Above is Howell Ave looking north as St Augustine Catholic chuch, where I occassionally went. 

Milwaukee’s old ethnic communities are gone, replaced by new ethnic communities.  I clearly saw that the Polish immigrant community around 6 and Lincoln is now a Hispanic immigrant community.  All over the city it is the same. The workingmen with the big forearms speaking with accents that sang Eastern European rhythms (where the streetcar bends the corner around) even into the second generation are gone.  We shall not soon see their like again.

Below – Public schools Americanized generations of immigrants, my ancestors included and I suppose me too  This is Dover St school, founded 1889 and still in the same place.  When I went there, it was still black from the coal smoke.  I thought all brick building were black, but I found that most were a nice light brown (cream city) color when they were cleaned up.  I don’t like the paint job.  Dover is made of nice Cream City brick.  They should just clean it up and let it be natural.

I miss them.  These were the hard working, blunt and practical guys who went to war to save America from fascism & communism.  They literally built & protected my world.  Their patriotism and loyalty to the country of their or their parents’ choice was enshrined at the VFW posts, their hard work evident in the busy factories and their troubles washed away at the many taverns.  A new generation of immigrants and their children is at work in the old neighborhood.  They come from places like Mexico or Honduras.  I have confidence that they too will build America and in process become Americans, just as the Poles, Italians, Serbs and Germans did before them.

After a couple generations all that really is left of the immigrant are T-shirts saying “proud to be Italian” or “kiss me; I’m Polish,” along with some food preferences and two or three phrases in the old language that make genuine natives of the old country smile.  Imagine someone whose language was learned and frozen in the slang of the 1940s or even the 1960s or 70s.   Language changes; immigrants keep and propagate the old stuff in groovy and copasetic ways.   They just don’t know it. I know it from personal experience, when teachers at the Foreign Service Institute who left their native lands long ago taught me phrases equivalent to “23 skidoo” or “now you’re cooking with gas.”  

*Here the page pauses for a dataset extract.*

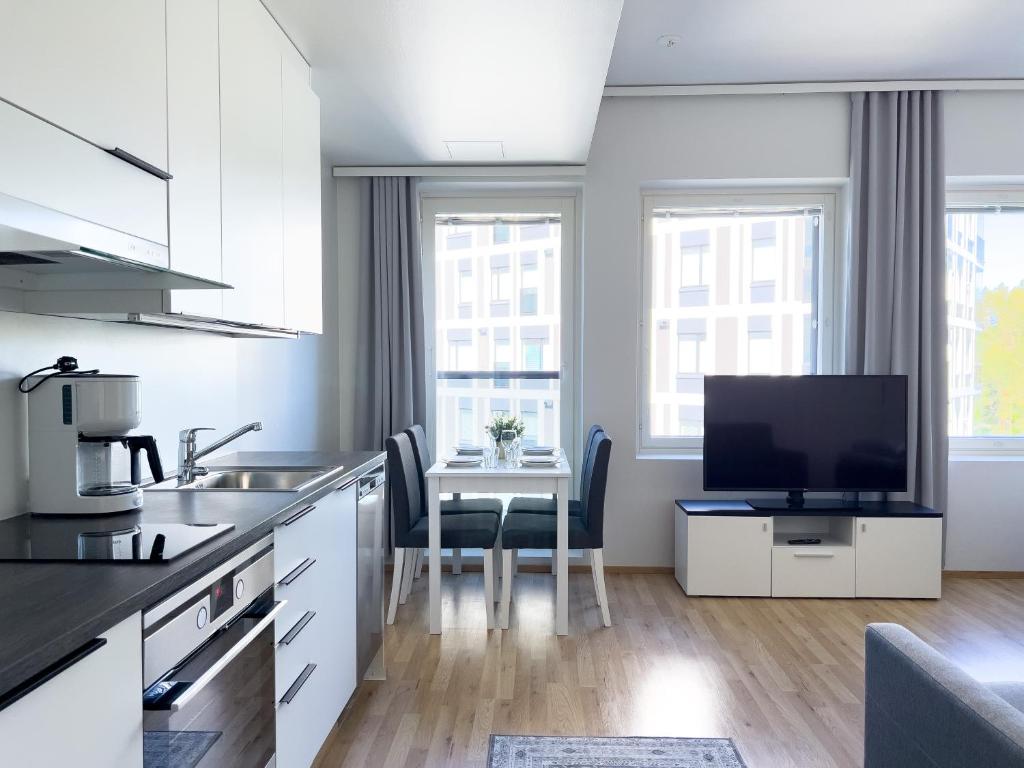 Η κουζίνα ή μικρή κουζίνα στο Aseman Portti - Stunning Studio 11th Floor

Below – These steps lead from Chase Ave to … nowhere.  I suppose they used to connect neighborhoods before the freeway went in. 

I do have some concern about too many immigrants coming from the same place and concentrating among each other.   When you get immigrants from many sources, they have no choice but to learn English and become Americans very quickly.   This is what happened circa 1910, when immigrants made up a greater % of the American population than they do today.  If immigrants from Poland, Russia, Germany, Italy and Greece were all together, none could dominate.  The only language they could use was English, even though it was nobody’s first language.  I saw it happening with my kids friends in Fairfax County.  Arab kids, Chinese kids, Korean kids and other from countries you cannot even find on a map get to be friends and speak to each other in English.  Diversity is really strength.  Immigrants from one place can maintain their separateness.  Separateness is a bad idea.  I value true diversity, with lots of different groups all contributing to an American identity.